Los transportes también influyen mucho, pues como hemos visto, un coche eléctrico contamina mucho menos que un coche diésel o gasolina. A parte del transporte particular, siempre se puede recurrir al transporte público.

Otra forma es ayudando a la reforestación. Un árbol tiene la capacidad de absorber un promedio de 40 kilogramos de CO2 al año. Es por ello que desde Otovo queremos contribuir a la reducción de la huella de carbono reforestando el sur de España en nombre de nuestros clientes.

¡Ayuda a la reforestación de España!

Y, por supuesto, cualquier pequeño gesto diario puede sumar a la reducción de la contaminación:

  • Separa y recicla tus residuos - así los envases recibirán una segunda vida
  • Controla tus hábitos de consumo eléctrico - utiliza bombillas de bajo consumo, no dejes tu teléfono móvil enchufado demasiado, no utilices la secadora de ropa, etc
  • Reduce tu consumo de carne - la infraestructura y los propios animales contribuyen al incremento de CO2
  • Controla tu consumo de agua - la cadena de suministro contamina
  • Utiliza bolsas de tela cuando vas a la compra - el plástico y su fabricación incrementan la huella de carbono.
    La lista puede continuar. Muchas veces las acciones que pueden ayudar a reducir la huella de carbono son de sentido común.

La huella de carbono de Otovo en 2020

La energía solar fotovoltaica es de las que menos contaminan. Según los cálculos, a través de energía fotovoltaica la huella de carbono incrementa con menos de 30gCO2/kWh.

En Otovo la sostenibilidad es clave y queremos que nuestra actividad tenga el menor impacto sobre el medioambiente.

Con 10,8 MWp instalados durante 2020, considerando que la vida útil del sistema fotovoltaico es de 30 años, hemos logrado reducir la emisión de carbono con 98.230 toneladas sólo el año pasado.

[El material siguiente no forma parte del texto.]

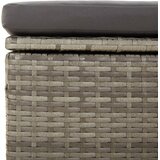  Vrtni tabure s jastukom sivi 55 x 55 x 30 cm od poliratana | shoptok.hr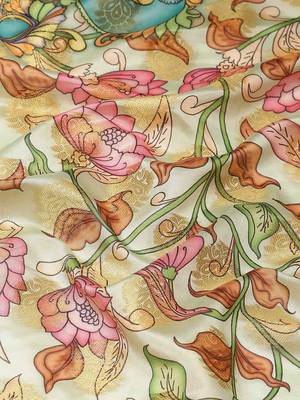 Silk Land  Multicolored Embellished Art Silk Saree  3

Contando también la contaminación que pueden generar nuestras oficinas y la producida durante la fabricación de los materiales fotovoltaicos, estos números equivalen a:

  • 3,3 millones de euros ahorrados gracias a la reducción de la huella de carbono (a precios de tonelada de CO2 de 2021)
  • Recuperación en 2,8 años del CO2 emitido en la instalación nuestras instalaciones (recordemos que tienen una vida útil de 30 años o más)
  • 2.216 coches diésel ahorrados en cuanto al CO2 emitido durante toda la vida de los mismos.

La energía solar tiene una gran capacidad de frenar el cambio climático. Es por ello que en Otovo queremos traer el autoconsumo a todos los hogares.